• **Work instruction**
Exclude images and print all the records verbatim.

= = = =

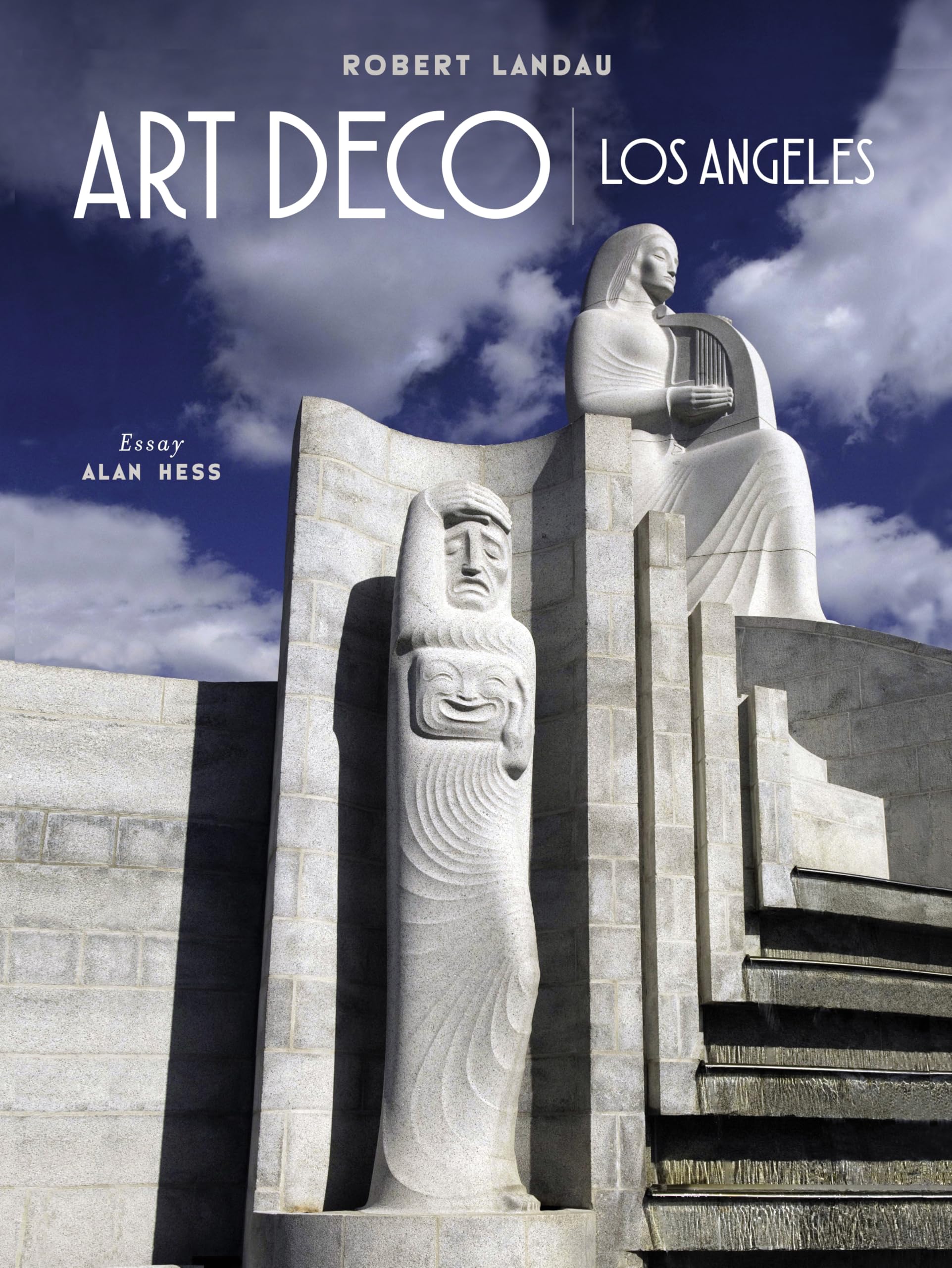 Art Deco Los Angeles poster mural style rétro vintage pour décoration de maison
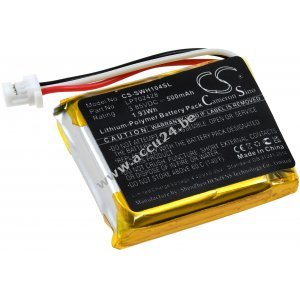 Batterij geschikt voor Blue tooth hoofdtelefoon Oplaadetui Sony WF-1000XM4, type LP702428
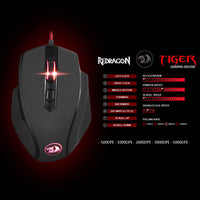 Programmable Wired Computer Gaming Mouse - sparklingselections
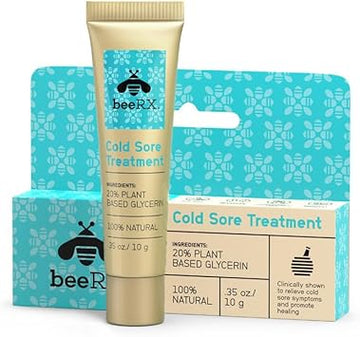 Cold Sore/Fever Blister Gel 0.35 Oz., Docosanol-Free, Medicated 20% Glycerin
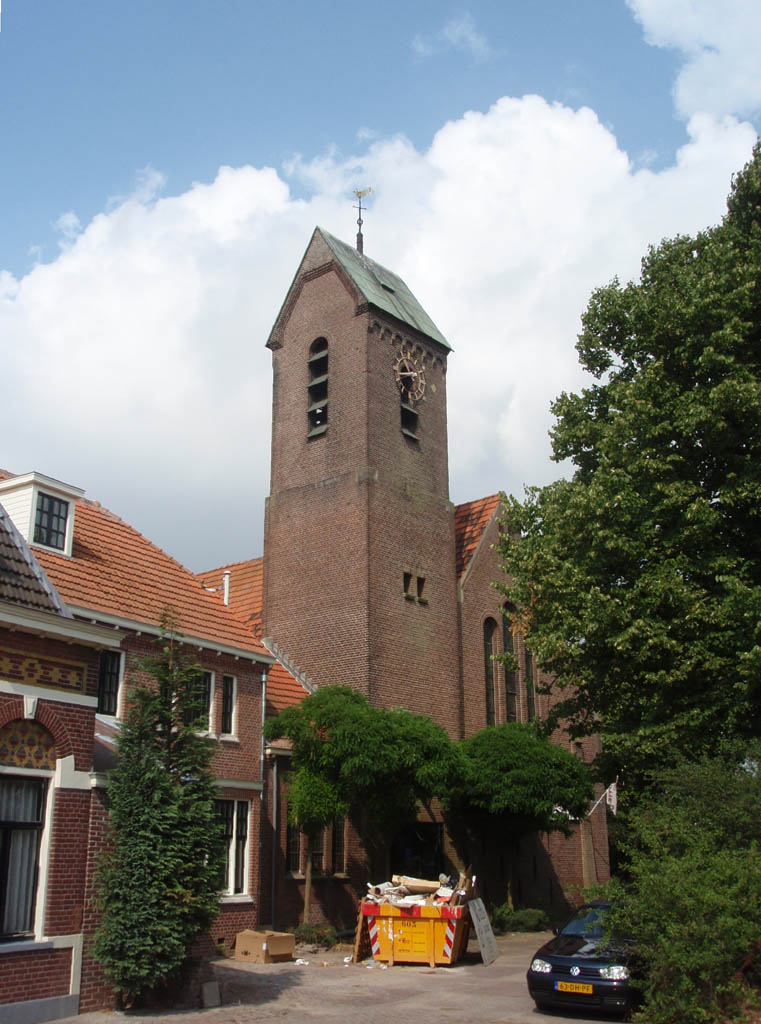 Chr Geref Kerk Opperdoes Ouderkerk ad Amstel, voorm chr geref kerk, 2008.jpg photo - Pijk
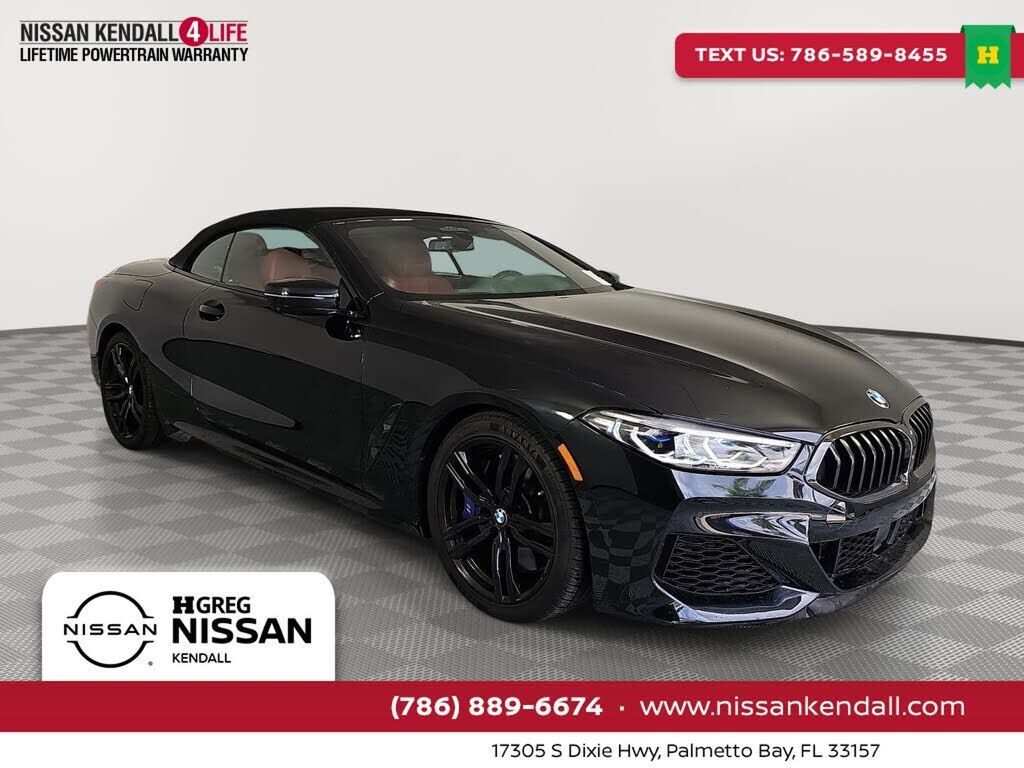 2022 BMW M8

= = = =

• **Solution**
 Art Deco Los Angeles poster mural style rétro vintage pour décoration de maison
 Batterij geschikt voor Blue tooth hoofdtelefoon Oplaadetui Sony WF-1000XM4, type LP702428
 Programmable Wired Computer Gaming Mouse - sparklingselections
 Cold Sore/Fever Blister Gel 0.35 Oz., Docosanol-Free, Medicated 20% Glycerin
 Chr Geref Kerk Opperdoes Ouderkerk ad Amstel, voorm chr geref kerk, 2008.jpg photo - Pijk
 2022 BMW M8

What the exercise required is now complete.